Well, I gotta have a thousand posts with that title – it happens. It happens a lot, actually. Nowadays, it hasn’t happened as much as it did when I was younger. Well… I used to stay up until 5 AM or something – it was easier to sleep at dawn – it is still easy. But since I started studying engineering, I also started waking up early, around 6 or 7 AM, and staying up until the sun started to shine wasn’t a good idea anymore. Well, I would have to grow up at some point in my life and it started when I was 25 and decided to become an engineer – ok, I decided before that, but that’s when the thing became true.
I sometimes find myself desperate, for I want to get done with and rid of it, I don’t know, yesterday. I keep joking about the time I am gonna be an engineer already – and rich. I am gonna be rich. That’s not why I decided to go to college again, but that’s what I am supposed to do with my life. I mean, that’s what everybody wants – or most people. Wouldn’t it be nice to be able to have whatever you want without having to worry about money and stuff like that? It would. There’s also the part in which you look at the things you have and you know you got it with you own hard work.
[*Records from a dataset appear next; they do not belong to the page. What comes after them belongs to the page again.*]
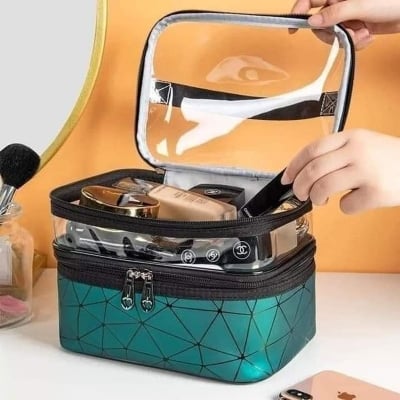 Picture of Makeup Bag Cosmetic Bag Travelling Double Layer Makeup Bag Organizer  Medium Case For Women Girls Reusable Bags-Multicolor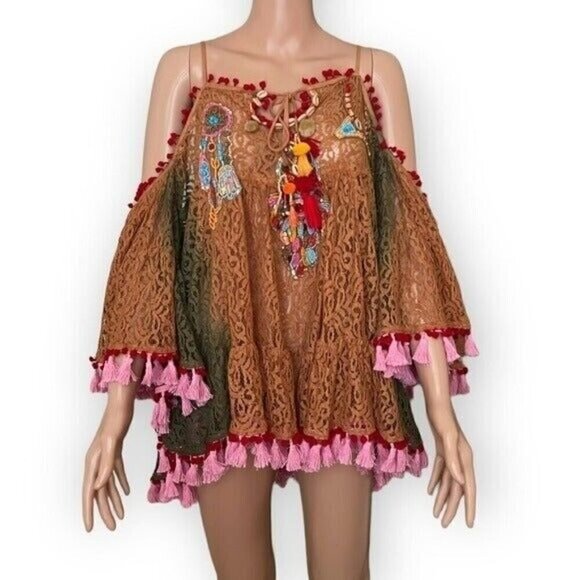 ANTICA SARTORIA Ombre Lace Cold Shoulder Beaded Tassle Southwestern Tunic OS NEW - Picture 1 of 13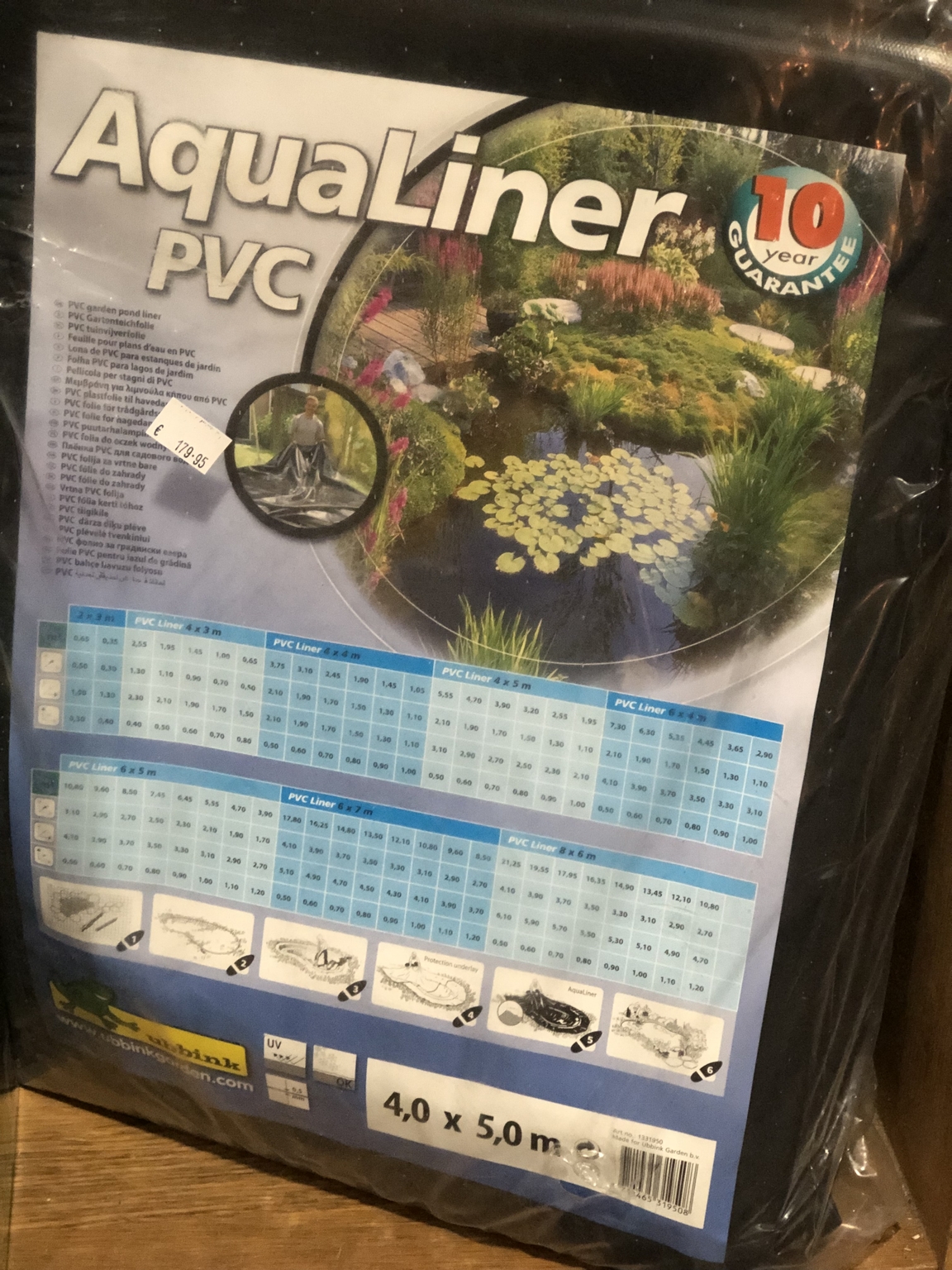 Pond Liner Ubbink AquaLiner PVC 0,5 mm 4 x 5 m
Usually I wake up this early, because I went to bed even earlier and I have already slept my eight hours – it’s not what’s happened today. I have absolutely no idea why the hell I am up so soon. And, believe me, my bed is much more comfortable than the chair I am sited on. Since I have nothing to do, I started thinking of my life and my behaviour and the universe and everything else… I am happy – happy people were supposed to sleep well, I think. Ok, I know I don’t have everything in the place I wanted, but who does? And… the pursuit of it shouldn’t make me happy anyway? It does. It really does. So, I am gonna believe I had a little too much caffeine for the day and that’s the reason why I can’t sleep.